In Uruguay si è delineata una situazione decisamente particolare. Se da un lato la produzione di carne e di latte sta andando molto bene, vi sono seri problemi di approvvigionamento idrico. Il governo di Montevideo ha infatti ripreso le esportazioni di carne verso il Messico, un’ottima notizia specialmente per il settore ovino, che era in flessione.

Juan Ignacio Buffa, vice ministro dell’Allevamento, dell’Agricoltura e della Pesca, ha commentato come ottima la notizia della riapertura del mercato messicano alla carne uruguayana, che era rimasto fermo da ben tre anni. Soltanto dopo la visita del Servizio nazionale di salute e sicurezza agroalimentare del Messico (SENASICA) in Uruguay, la procedura si è sbloccata.

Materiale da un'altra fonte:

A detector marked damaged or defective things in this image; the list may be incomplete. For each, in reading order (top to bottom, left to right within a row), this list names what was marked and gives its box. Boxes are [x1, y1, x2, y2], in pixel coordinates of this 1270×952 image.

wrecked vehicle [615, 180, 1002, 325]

Diversa ma ugualmente positiva è la situazione riguardante il latte. Da sempre l’Uruguay è uno dei maggiori produttori dell’intera America latina, arrivando addirittura a dei surplus nella produzione. Surplus che venivano smaltiti con la vendita sul mercato brasiliano, il quale tuttavia oggi può vantare una produzione interna sufficiente al suo fabbisogno. A tal riguardo Montevideo sta seriamente pensando di buttarsi sul mercato internazionale, magari con una riduzione dei prezzi. Poco allegra è invece la situazione dell’acqua.

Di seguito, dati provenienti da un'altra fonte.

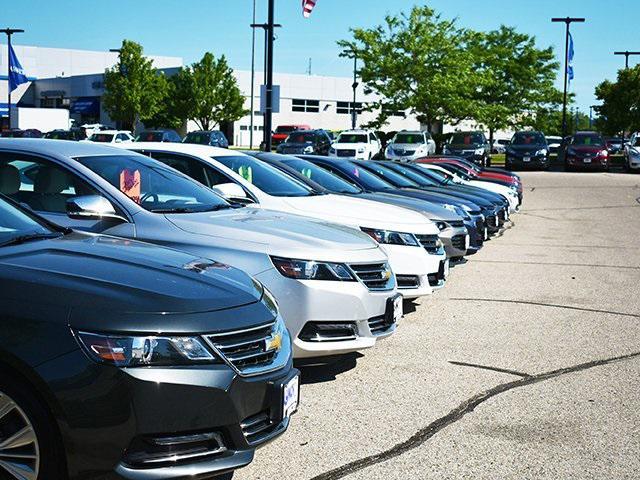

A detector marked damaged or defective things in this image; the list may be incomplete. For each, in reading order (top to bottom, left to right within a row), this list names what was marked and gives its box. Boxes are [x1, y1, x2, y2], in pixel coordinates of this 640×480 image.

Nella capitale uruguayana circa metà della popolazione è costretta a bere acqua con un’eccessiva salinità. Le autorità hanno considerato necessario innalzare il limite di salinità per far apparire l’acqua sicura ai cittadini. Pare che ciò sia dovuto ai tre anni di siccità consecutivi patiti, che ha costretto gli impianti idrici a pescare sul fondo, maggiormente salino, del fiume Santa Lucia.

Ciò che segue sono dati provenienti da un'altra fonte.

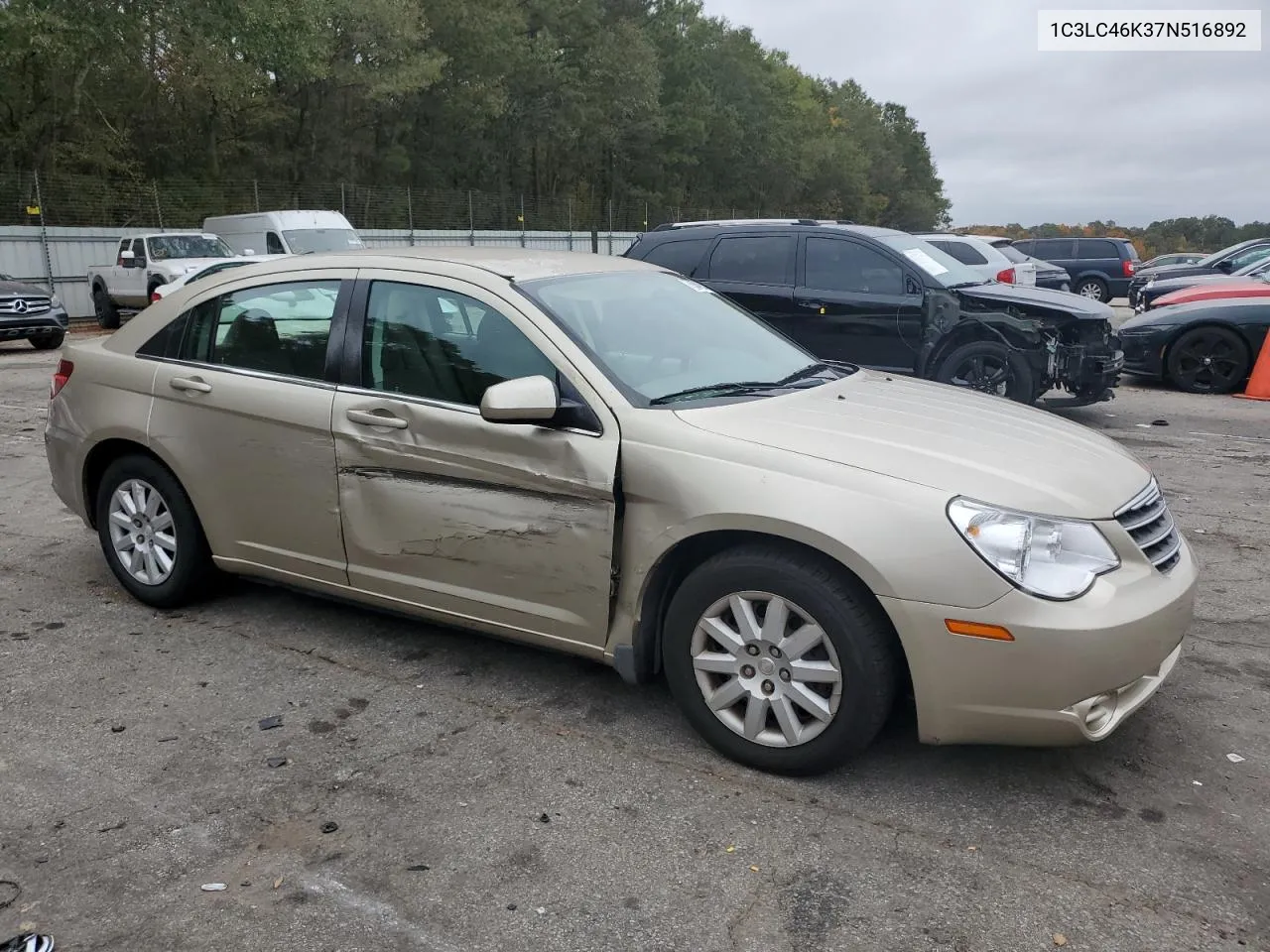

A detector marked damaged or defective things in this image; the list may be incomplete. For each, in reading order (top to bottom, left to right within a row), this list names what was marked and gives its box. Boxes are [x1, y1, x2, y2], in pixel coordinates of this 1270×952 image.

Curioso però che colossi dell’industria agroalimentare, causa leggi troppo permissive, riescano ad accaparrarsi l’uso dell’acqua pubblica di fatto privatizzandola e usandola per irrigazione e allevamenti. I critici gridano lo slogan “No es sequía, es saqueo” (Non è siccità, è saccheggio), ma la gente intanto è costretta a comprare acqua in bottiglia.